Input data
/---

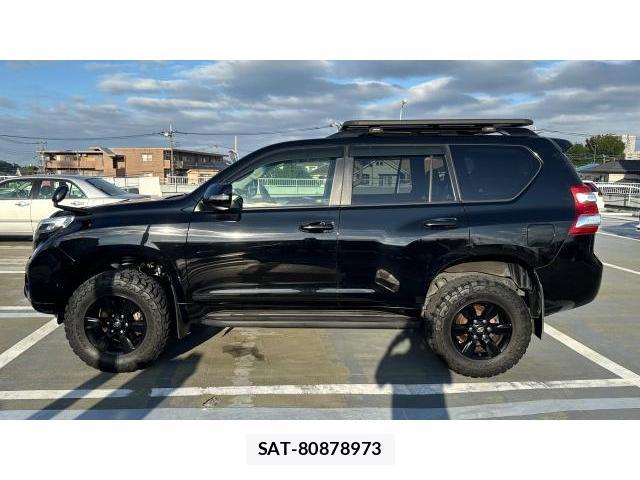 Toyota LAND CRUISER PRADO 2015-11 8548839-18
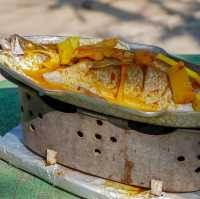 ร้านลับๆ ริมทะเล ที่คนภูเก็ตรู้จักกันดี 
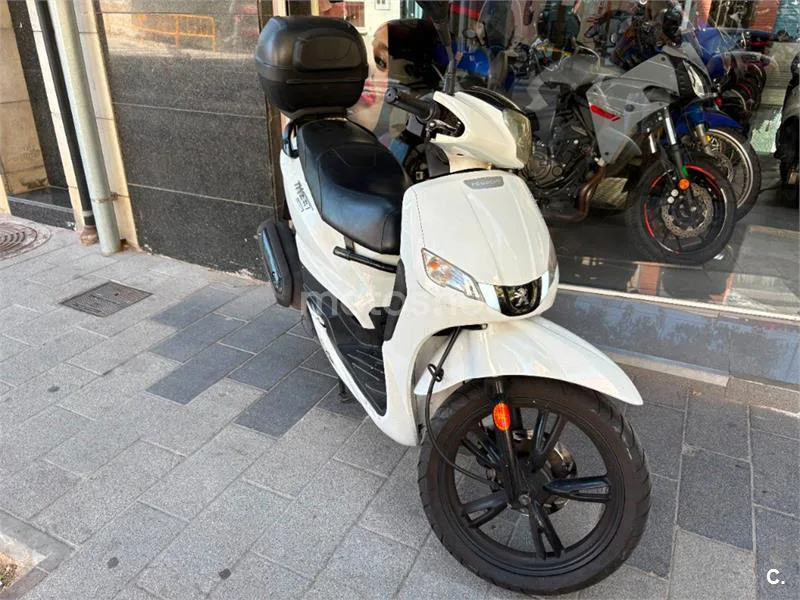 Peugeot Tweet 125 1490 € 2019 Barcelona - 2
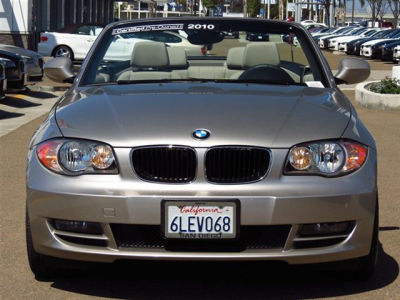 2010 BMW 128  i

\---

The answer is the listing above restated word for word, pictures removed.

 Toyota LAND CRUISER PRADO 2015-11 8548839-18
 ร้านลับๆ ริมทะเล ที่คนภูเก็ตรู้จักกันดี 
 Peugeot Tweet 125 1490 € 2019 Barcelona - 2
 2010 BMW 128  i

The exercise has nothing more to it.